Tewligans
- Interactive map of Tewligans
- Location: Louisville, Kentucky, United States
- Coordinates: 38°14′22″N 85°43′28″W﻿ / ﻿38.2394854°N 85.7245592°W

Construction
- Opened: 1981
- Closed: 1996

= Tewligans =

Defunct live music venue in Louisville, Kentucky, USA

Tewligans was a famous live music venue in Louisville, Kentucky. The venue operated between 1981 and 1996 at 1047 Bardstown Road in the Highlands neighborhood. Tewligans changed ownership a number of times, being known for a short time by the name "Snagilwet," which is "Tewligans" spelled backwards.

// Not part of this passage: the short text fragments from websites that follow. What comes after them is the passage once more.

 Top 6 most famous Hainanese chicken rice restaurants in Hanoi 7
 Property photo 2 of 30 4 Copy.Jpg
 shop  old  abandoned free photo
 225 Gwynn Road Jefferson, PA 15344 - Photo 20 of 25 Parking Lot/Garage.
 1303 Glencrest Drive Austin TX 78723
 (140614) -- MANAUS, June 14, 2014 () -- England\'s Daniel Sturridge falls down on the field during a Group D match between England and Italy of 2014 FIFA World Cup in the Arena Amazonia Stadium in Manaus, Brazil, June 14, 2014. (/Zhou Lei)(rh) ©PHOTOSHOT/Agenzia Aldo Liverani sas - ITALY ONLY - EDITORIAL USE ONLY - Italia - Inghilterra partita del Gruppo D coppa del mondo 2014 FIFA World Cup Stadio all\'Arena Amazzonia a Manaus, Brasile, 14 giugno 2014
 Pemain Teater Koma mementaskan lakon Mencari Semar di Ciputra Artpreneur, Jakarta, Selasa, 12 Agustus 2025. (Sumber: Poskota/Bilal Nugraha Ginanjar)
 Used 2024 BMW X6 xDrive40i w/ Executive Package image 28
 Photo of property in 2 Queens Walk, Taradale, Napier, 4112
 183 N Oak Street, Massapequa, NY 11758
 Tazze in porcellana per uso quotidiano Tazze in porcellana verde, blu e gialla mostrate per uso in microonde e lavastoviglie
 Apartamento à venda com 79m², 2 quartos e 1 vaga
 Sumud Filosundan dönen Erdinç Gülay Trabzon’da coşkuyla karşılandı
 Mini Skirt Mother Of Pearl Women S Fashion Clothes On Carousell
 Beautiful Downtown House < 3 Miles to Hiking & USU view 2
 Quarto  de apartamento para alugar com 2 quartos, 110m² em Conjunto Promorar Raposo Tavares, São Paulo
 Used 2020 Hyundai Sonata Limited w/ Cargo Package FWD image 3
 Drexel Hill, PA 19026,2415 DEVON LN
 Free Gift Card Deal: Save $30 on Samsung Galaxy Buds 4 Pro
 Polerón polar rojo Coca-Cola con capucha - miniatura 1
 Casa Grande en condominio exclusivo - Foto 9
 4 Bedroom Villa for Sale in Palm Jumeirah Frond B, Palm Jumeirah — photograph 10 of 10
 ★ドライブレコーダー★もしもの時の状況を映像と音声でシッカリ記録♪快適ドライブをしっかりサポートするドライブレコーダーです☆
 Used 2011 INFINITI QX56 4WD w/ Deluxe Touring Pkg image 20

Tewligans provided a local stage for local, regional and national acts including Kinghorse, Green Day, Red Hot Chili Peppers, Smashing Pumpkins, Yo La Tengo, Slint, Widespread Panic, Squirrel Bait, Love Jones, NRBQ, Jonathan Richman, R.E.M., Crunchy Cereal, Steve Forbert, Gwar, Kentucky Headhunters, A Flock of Seagulls, Bo Diddley, Guadalcanal Diary, Miracle Legion, U2, Uncle Tupelo, Fugazi, Rollins Band, T.S.O.L., Blue Rodeo, Royal Crescent Mob, Afghan Whigs, Mojo Nixon, Hasil Adkins, Stick People, Bodeco, Endpoint, and many others.

The original plywood stage was demolished ca. 1991 and a new stage constructed using unfinished oak pallet lumber purchased from Hillerich & Bradsby.

Tewligans often hosted (illegal) afterhours parties for regular patrons who would drink free until whatever keg was in service had run dry. On other nights, patrons could walk the short distance to the infamous Hepburn House, wherein an afterhours speakeasy, The Cafe Ralph, operated.

Probably two of Tewligans' best known figures were the co-owners and creators of Tewligans, Doyle and Mary Guhy. They bought the venue in 1981, when it was still known as "The Funktion Junktion", a bar known for live Southern-rock music. Mary was known for her tough attitude, and was considered the bouncer of the venue.

The space reopened as "The Cherokee," which also operated as a live music venue. As of 2006, the location is operated as "Cahoots" and frequently features the same kinds of hardcore, punk rock and indie rock bands that used to grace the stage of Tewligans.

According to The Courier-Journal, '"Tewligans was a lifestyle."